The main idea here, New Relic’s director of product marketing Michael Olson told me, is to make it easier for companies of all sizes to reap the benefits of AI-enhanced ops.
“It’s been about a year since we introduced our first set of AIops capabilities with New Relic Applied Intelligence to the market,” he said. “During that time, we’ve seen significant growth in adoption of AIops capabilities through New Relic. But one of the things that we’ve heard from organizations that have yet to foray into adopting AIops capabilities as part of their incident response practice is that they often find that things like steep learning curves and long implementation and training times — and sometimes lack of confidence, or knowledge of AI and machine learning — often stand in the way.”
The new platform should be able to detect emerging problems in real time — without the team having to pre-configure alerts. And when it does so, it’ll smartly group all of the alerts from New Relic and other tools together to cut down on the alert noise and let engineers focus on the incident.
“Instead of an alert storm when a problem occurs across multiple tools, engineers get one actionable issue with alerts automatically grouped based on things like time and frequency, based on the context that they can read in the alert messages. And then now with this launch, we’re also able to look at relationship data across your systems to intelligently group and correlate alerts,” Olson explained.
Maybe the highlight for the ops teams that will use these new features, though, is New Relic’s ability to pinpoint the probable root cause of a problem. As Guy Fighel, the general manager of applied intelligence and vice president of product engineering at New Relic, told me, the idea here is not to replace humans but to augment teams.
“We provide a non-black-box experience for teams to craft the decisions and correlation and logic based on their own knowledge and infuse the system with their own knowledge,” Fighel noted. “So you can get very specific based on your environment and needs. And so because of that and because we see a lot of data coming from different tools — all going into New Relic One as the data platform — our probable root cause is very accurate. Having said that, it is still a probable root cause. So although we are opinionated about it, we will never tell you, ‘hey, go fix that, because we’re 100% sure that’s the case.’ You’re the human, you’re in control.”

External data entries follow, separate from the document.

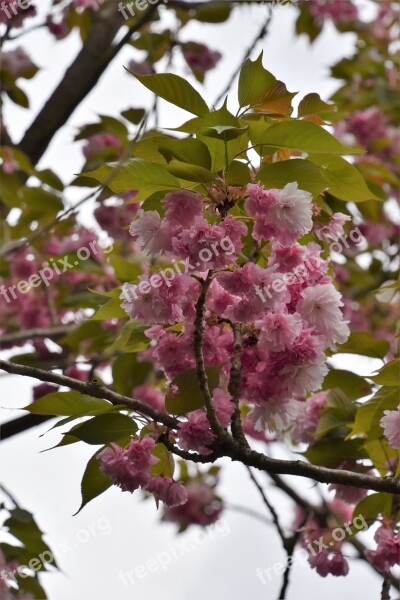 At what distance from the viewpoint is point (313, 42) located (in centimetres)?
471

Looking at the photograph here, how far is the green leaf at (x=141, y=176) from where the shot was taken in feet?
4.81

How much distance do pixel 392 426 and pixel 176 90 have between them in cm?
80

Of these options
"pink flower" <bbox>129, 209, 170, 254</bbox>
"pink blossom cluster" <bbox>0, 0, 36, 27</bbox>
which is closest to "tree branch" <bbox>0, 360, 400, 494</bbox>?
"pink flower" <bbox>129, 209, 170, 254</bbox>

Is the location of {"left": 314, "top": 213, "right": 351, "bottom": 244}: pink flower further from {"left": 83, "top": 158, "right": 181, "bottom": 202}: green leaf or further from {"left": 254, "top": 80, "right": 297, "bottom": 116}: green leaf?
{"left": 83, "top": 158, "right": 181, "bottom": 202}: green leaf

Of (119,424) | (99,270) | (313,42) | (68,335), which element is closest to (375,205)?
(99,270)

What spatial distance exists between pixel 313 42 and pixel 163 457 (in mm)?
3700

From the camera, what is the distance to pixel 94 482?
159 cm


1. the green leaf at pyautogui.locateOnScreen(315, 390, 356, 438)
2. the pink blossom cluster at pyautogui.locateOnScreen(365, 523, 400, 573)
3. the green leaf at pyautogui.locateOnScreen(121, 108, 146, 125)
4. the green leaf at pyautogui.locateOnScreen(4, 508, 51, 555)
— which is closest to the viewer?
the pink blossom cluster at pyautogui.locateOnScreen(365, 523, 400, 573)

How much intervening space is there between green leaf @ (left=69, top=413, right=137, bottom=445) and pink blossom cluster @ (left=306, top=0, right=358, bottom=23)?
12.4ft

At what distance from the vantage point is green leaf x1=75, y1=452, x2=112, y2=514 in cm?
159

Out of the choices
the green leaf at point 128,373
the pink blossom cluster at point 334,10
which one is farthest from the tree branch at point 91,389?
the pink blossom cluster at point 334,10

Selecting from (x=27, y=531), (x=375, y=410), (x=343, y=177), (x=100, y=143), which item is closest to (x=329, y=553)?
(x=375, y=410)

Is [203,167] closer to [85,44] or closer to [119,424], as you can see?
[119,424]

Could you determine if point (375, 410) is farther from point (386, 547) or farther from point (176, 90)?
point (176, 90) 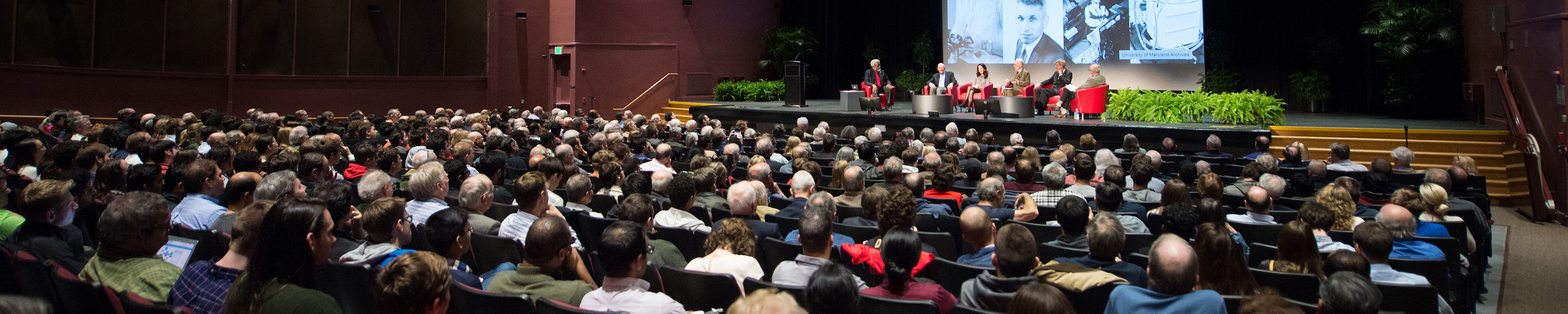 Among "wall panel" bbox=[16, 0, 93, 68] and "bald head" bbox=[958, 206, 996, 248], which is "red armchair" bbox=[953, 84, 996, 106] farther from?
"wall panel" bbox=[16, 0, 93, 68]

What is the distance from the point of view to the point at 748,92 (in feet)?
59.4

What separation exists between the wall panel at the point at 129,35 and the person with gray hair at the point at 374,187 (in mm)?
11580

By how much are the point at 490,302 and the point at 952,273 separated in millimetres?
1615

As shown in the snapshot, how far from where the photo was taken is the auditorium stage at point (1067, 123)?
9.92 metres

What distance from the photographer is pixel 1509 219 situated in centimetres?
779

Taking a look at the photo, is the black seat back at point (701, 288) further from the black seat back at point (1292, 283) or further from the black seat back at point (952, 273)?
the black seat back at point (1292, 283)

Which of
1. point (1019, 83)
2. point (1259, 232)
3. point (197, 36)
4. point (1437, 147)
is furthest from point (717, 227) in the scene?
point (197, 36)

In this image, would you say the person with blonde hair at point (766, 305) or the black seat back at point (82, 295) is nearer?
the person with blonde hair at point (766, 305)

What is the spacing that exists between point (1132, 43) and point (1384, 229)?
40.4 feet

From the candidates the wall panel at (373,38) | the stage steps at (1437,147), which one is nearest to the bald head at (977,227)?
the stage steps at (1437,147)

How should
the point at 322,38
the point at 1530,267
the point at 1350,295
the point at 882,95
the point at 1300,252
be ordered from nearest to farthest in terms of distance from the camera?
the point at 1350,295, the point at 1300,252, the point at 1530,267, the point at 882,95, the point at 322,38

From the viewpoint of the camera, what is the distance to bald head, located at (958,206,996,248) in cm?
353

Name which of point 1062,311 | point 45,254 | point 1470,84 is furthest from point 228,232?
point 1470,84

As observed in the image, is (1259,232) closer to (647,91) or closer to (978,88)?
(978,88) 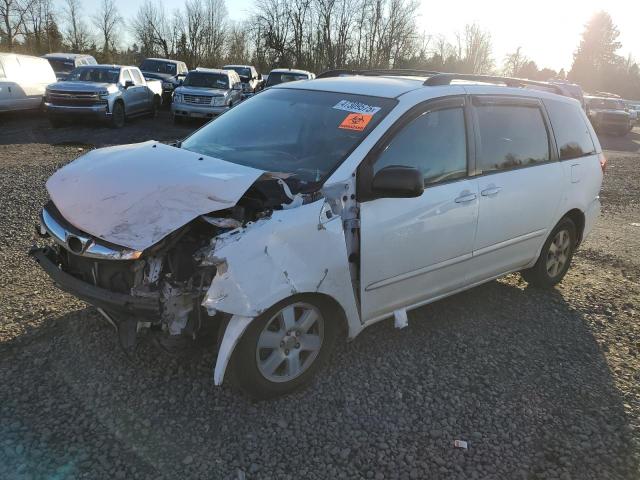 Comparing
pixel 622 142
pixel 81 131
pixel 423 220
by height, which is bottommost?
pixel 622 142

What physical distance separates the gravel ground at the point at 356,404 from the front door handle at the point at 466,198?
1.05 meters

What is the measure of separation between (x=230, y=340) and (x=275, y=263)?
0.46 meters

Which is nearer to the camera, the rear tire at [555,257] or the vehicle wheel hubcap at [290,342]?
the vehicle wheel hubcap at [290,342]

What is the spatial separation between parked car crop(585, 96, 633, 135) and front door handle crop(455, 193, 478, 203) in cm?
2615

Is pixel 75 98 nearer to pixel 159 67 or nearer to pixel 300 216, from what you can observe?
pixel 159 67

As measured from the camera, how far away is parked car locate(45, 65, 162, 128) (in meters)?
14.3

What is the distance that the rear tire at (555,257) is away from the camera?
4.96 m

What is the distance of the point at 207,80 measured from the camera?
56.7ft

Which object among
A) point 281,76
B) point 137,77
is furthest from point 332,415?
point 281,76

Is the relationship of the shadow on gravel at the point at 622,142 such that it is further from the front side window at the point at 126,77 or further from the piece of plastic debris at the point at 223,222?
the piece of plastic debris at the point at 223,222

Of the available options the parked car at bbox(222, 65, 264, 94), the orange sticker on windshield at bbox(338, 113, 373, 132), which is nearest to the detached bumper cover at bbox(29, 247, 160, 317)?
the orange sticker on windshield at bbox(338, 113, 373, 132)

The AI system also asks users for feedback, so that the model gets refined with every new incident, too.
Fighel tells me that New Relic’s tools rely on a variety of statistical analysis methods and machine learning models. Some of those are unique to individual users while others are used across the company’s user base. He also stressed that all of the engineers who worked on this project have a background in site reliability engineering — so they are intimately familiar with the problems in this space.

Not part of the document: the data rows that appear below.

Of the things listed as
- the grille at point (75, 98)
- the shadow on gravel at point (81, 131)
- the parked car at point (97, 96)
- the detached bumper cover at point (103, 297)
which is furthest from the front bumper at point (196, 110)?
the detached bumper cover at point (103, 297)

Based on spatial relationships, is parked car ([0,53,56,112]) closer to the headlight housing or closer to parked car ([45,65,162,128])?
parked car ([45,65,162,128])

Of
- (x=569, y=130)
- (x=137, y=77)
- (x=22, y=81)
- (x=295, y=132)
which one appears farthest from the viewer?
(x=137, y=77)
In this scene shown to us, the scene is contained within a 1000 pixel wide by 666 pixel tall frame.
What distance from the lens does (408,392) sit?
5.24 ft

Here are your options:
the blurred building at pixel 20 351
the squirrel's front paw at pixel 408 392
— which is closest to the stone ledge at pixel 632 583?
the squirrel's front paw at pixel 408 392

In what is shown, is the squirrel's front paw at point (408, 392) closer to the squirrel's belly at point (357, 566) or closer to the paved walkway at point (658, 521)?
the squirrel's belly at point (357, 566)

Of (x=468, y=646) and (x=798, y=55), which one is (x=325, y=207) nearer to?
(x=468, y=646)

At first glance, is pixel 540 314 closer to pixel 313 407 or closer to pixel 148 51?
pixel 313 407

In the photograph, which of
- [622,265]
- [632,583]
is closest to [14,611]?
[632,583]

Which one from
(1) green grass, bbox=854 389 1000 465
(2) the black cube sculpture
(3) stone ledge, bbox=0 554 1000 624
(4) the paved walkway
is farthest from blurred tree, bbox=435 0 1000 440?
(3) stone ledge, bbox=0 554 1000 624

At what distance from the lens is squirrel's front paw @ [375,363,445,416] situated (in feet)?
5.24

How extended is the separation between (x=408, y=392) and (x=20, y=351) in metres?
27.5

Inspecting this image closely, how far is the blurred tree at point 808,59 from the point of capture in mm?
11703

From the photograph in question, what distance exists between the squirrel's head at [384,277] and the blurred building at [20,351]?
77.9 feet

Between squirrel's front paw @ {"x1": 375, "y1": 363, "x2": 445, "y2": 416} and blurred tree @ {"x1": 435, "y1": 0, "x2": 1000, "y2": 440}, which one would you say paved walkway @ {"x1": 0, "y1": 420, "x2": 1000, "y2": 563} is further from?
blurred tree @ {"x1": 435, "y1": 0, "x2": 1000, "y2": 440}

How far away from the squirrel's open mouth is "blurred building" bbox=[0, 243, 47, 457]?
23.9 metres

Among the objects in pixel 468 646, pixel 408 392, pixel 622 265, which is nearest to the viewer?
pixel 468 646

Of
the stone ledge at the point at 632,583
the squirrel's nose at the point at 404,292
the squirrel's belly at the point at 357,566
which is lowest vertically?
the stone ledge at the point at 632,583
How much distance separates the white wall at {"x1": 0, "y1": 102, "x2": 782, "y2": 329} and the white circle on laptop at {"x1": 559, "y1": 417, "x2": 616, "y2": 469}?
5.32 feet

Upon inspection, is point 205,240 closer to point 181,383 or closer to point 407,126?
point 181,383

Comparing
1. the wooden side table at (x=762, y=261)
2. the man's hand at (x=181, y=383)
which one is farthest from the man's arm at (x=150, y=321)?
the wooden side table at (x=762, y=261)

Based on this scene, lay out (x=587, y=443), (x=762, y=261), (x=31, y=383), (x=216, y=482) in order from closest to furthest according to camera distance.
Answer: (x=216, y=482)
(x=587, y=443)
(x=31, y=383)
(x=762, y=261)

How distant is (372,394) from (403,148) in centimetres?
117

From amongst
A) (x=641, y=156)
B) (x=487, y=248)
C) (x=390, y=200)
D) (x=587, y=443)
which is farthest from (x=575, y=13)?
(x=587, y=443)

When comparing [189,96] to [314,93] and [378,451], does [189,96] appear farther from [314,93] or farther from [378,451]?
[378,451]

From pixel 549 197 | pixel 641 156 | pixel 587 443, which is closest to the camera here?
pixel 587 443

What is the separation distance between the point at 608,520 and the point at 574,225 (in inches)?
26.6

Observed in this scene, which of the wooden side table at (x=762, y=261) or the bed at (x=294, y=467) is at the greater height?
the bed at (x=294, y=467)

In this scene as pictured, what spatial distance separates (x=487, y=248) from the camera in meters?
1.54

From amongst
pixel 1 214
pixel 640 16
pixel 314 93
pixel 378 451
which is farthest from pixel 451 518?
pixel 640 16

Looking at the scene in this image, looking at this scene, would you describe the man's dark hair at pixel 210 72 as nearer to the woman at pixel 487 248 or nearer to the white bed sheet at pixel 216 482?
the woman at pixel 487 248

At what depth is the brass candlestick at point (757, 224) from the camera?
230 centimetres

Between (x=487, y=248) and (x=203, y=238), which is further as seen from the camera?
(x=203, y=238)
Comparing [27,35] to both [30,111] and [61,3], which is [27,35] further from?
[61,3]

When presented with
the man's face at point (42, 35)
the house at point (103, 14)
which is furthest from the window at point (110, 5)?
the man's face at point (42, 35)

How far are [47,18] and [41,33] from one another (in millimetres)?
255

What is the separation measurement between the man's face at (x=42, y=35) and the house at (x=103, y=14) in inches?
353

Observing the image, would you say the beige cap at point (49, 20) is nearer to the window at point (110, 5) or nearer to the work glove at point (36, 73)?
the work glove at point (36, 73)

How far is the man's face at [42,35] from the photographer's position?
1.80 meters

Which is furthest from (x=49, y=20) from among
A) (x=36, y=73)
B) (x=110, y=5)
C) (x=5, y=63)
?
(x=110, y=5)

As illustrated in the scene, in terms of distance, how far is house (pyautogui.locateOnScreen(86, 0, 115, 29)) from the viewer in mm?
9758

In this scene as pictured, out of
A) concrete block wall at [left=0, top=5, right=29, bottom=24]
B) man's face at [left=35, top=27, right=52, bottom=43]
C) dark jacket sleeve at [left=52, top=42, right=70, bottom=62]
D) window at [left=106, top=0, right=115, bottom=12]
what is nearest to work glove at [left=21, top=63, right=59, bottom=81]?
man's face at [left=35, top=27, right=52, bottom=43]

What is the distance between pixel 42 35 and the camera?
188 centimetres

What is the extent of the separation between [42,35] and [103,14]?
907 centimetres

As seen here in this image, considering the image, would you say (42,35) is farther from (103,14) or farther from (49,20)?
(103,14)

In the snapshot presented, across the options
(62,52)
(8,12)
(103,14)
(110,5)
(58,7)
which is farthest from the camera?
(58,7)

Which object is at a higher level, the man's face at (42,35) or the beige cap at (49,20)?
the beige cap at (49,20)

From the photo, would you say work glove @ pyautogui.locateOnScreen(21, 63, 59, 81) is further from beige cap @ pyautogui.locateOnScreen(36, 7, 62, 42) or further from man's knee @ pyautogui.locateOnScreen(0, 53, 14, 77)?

With today’s launch, New Relic is also adding a new integration with PagerDuty and other incident management tools so that the state of a given issue can be synchronized bi-directionally between them.
“We want to meet our customers where they are and really be data source agnostic and enable customers to pull in data from any source, where we can then enrich that data, reduce noise and ultimately help our customers solve problems faster,” said Olson.